*WORK INSTRUCTIONS*:
Would you give back exactly the lines from the line with "Chủ tịch nước" through the end of the entries below, both included, but none of the pictures?

SOURCE DATA: Begin

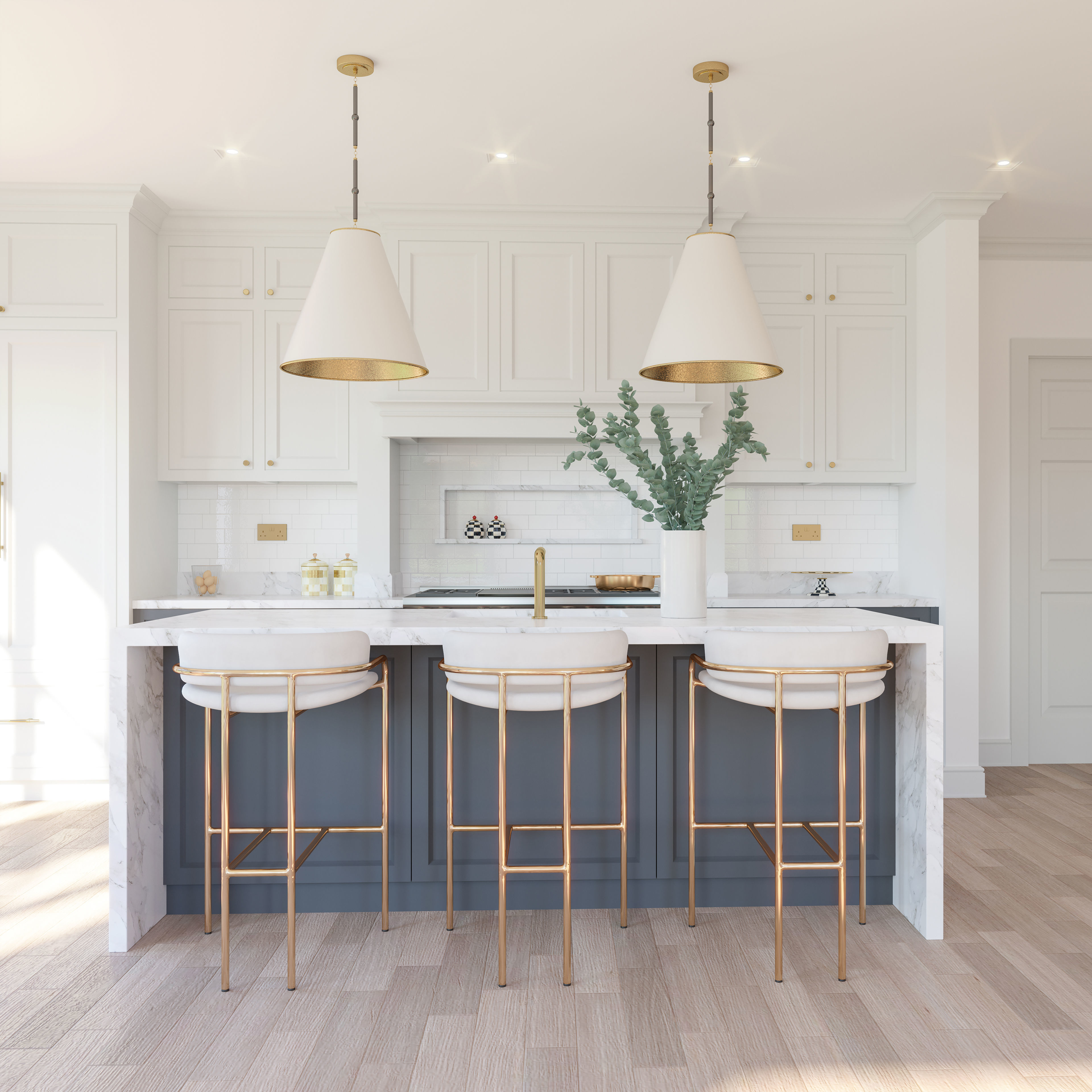 Kitchen design 3D model_5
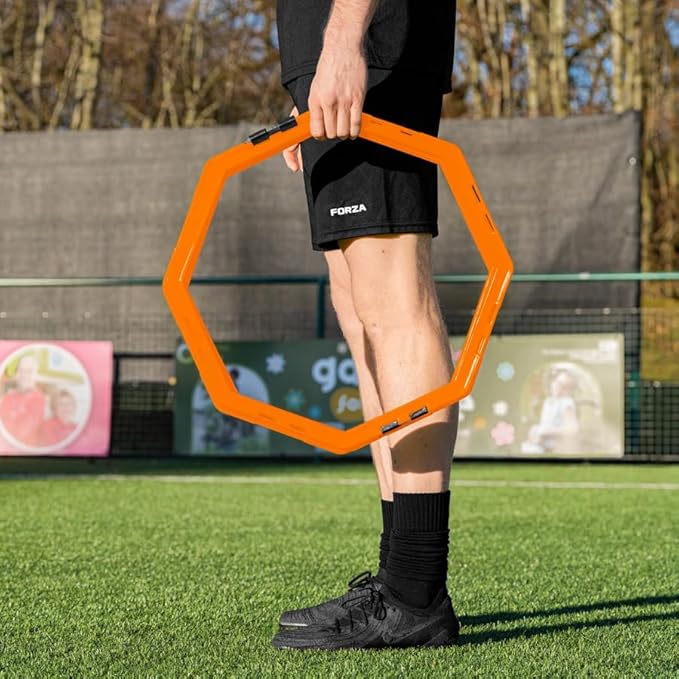 FORZA Agility Training Octa Rings [Pack of 6] | Soccer Training Equipment | Multi-Sport Agility Ring Set | Speed Training Equipment | Sports Equipment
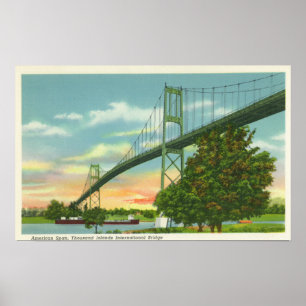 Poster Período americano da opinião internacional da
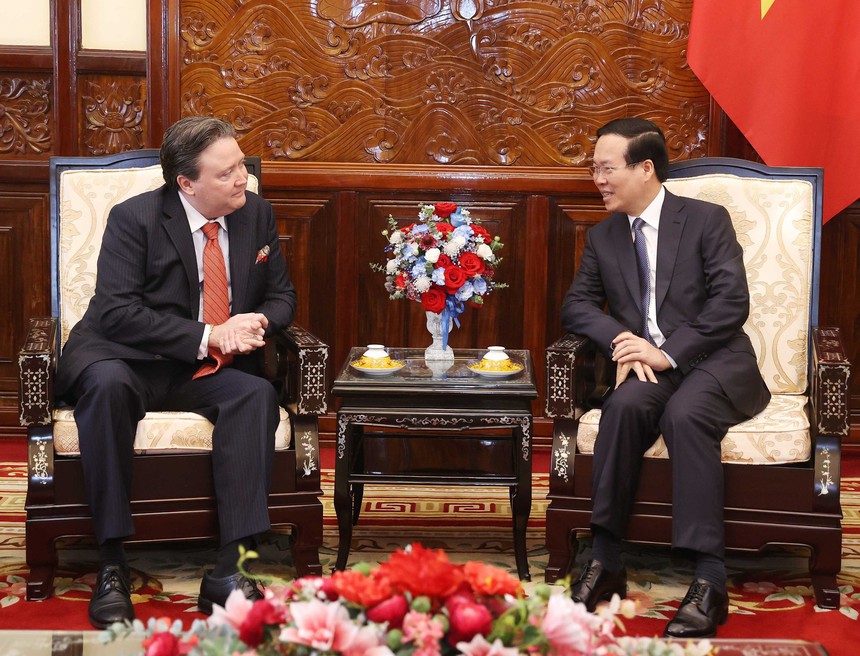 Chủ tịch nước Võ Văn Thưởng tiếp Đại sứ Hoa Kỳ - Ảnh 2.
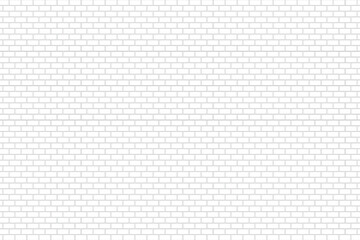 Seamless White Brick Wall Vector Pattern. Modern Geometric Tileable Texture Background for Urban Interior Design and Architectural Projects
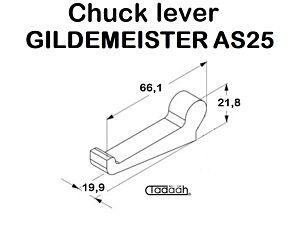 341-10-2130-001Nasello per tornio plurimandrino Gildemeister - DMG Mori AS25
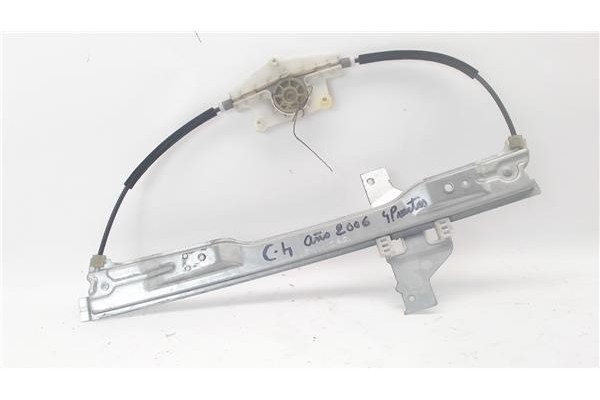 Recambio de mecanismo elevalunas delantero izquierdo para citroen c4 berlina referencia OEM IAM 9647441480 996385101 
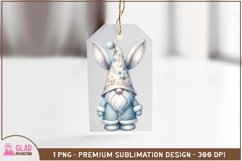 Easter Bunny Gnome sublimation png, Easter Gnome bunny png Product Image 2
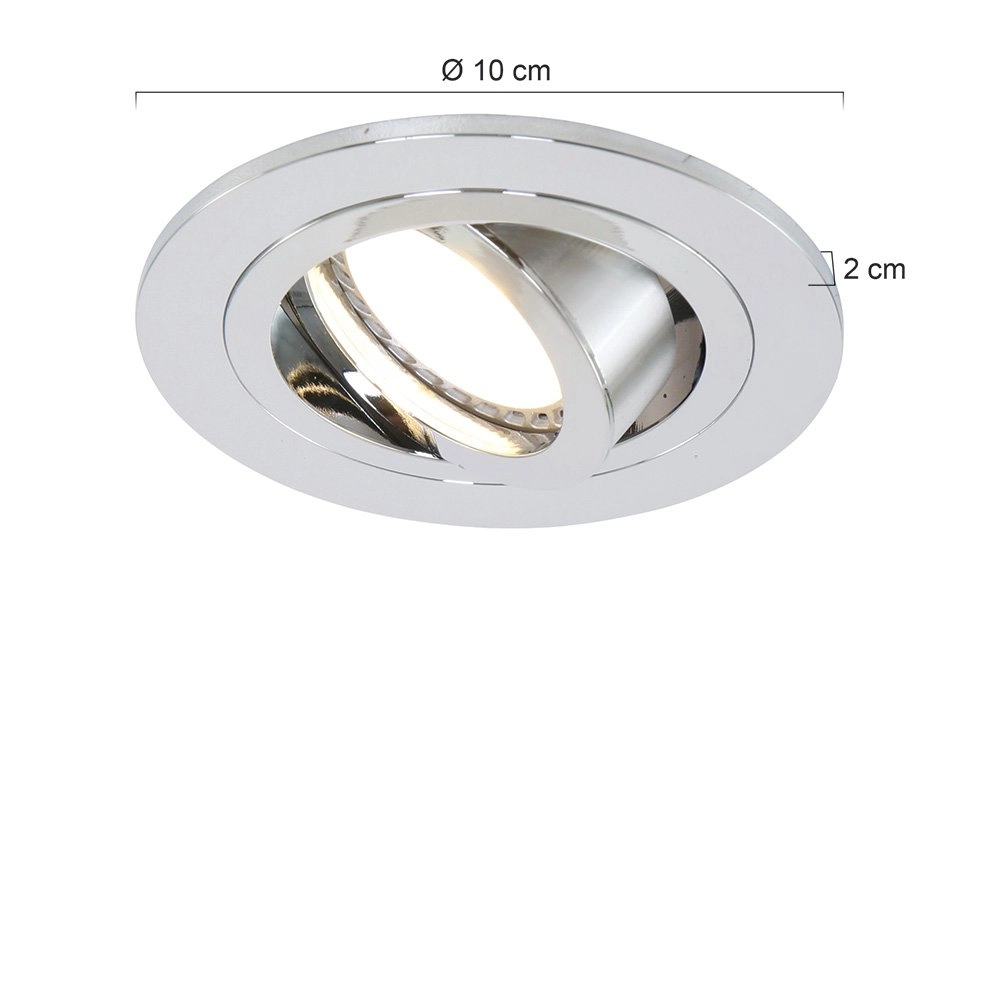 Einbaustrahler Round 10 cm metallic-grau Steinhauer 8712746113532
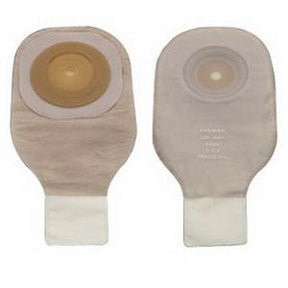 HOL 826211 BX/5 PREMIER ONE-PIECE CONVEX SKIN BARRIER 12"  DRAINABLE POUCH CLAMP CLOSURE TRANSPARENT,CUT-TO-FIT 2" TAPERED BORDER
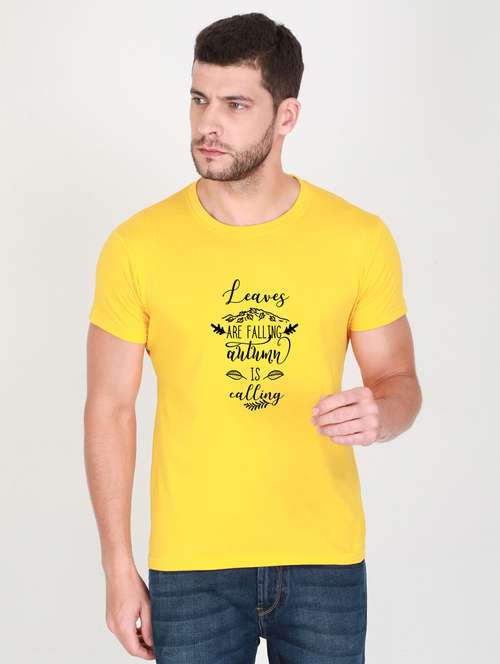 yellow printed t-shirt - 17995864 - Standard Image - 0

SOURCE DATA: End

*RESULT FOR THIS TASK*:
 Chủ tịch nước Võ Văn Thưởng tiếp Đại sứ Hoa Kỳ - Ảnh 2.
 Seamless White Brick Wall Vector Pattern. Modern Geometric Tileable Texture Background for Urban Interior Design and Architectural Projects
 341-10-2130-001Nasello per tornio plurimandrino Gildemeister - DMG Mori AS25
 Recambio de mecanismo elevalunas delantero izquierdo para citroen c4 berlina referencia OEM IAM 9647441480 996385101 
 Easter Bunny Gnome sublimation png, Easter Gnome bunny png Product Image 2
 Einbaustrahler Round 10 cm metallic-grau Steinhauer 8712746113532
 HOL 826211 BX/5 PREMIER ONE-PIECE CONVEX SKIN BARRIER 12"  DRAINABLE POUCH CLAMP CLOSURE TRANSPARENT,CUT-TO-FIT 2" TAPERED BORDER
 yellow printed t-shirt - 17995864 - Standard Image - 0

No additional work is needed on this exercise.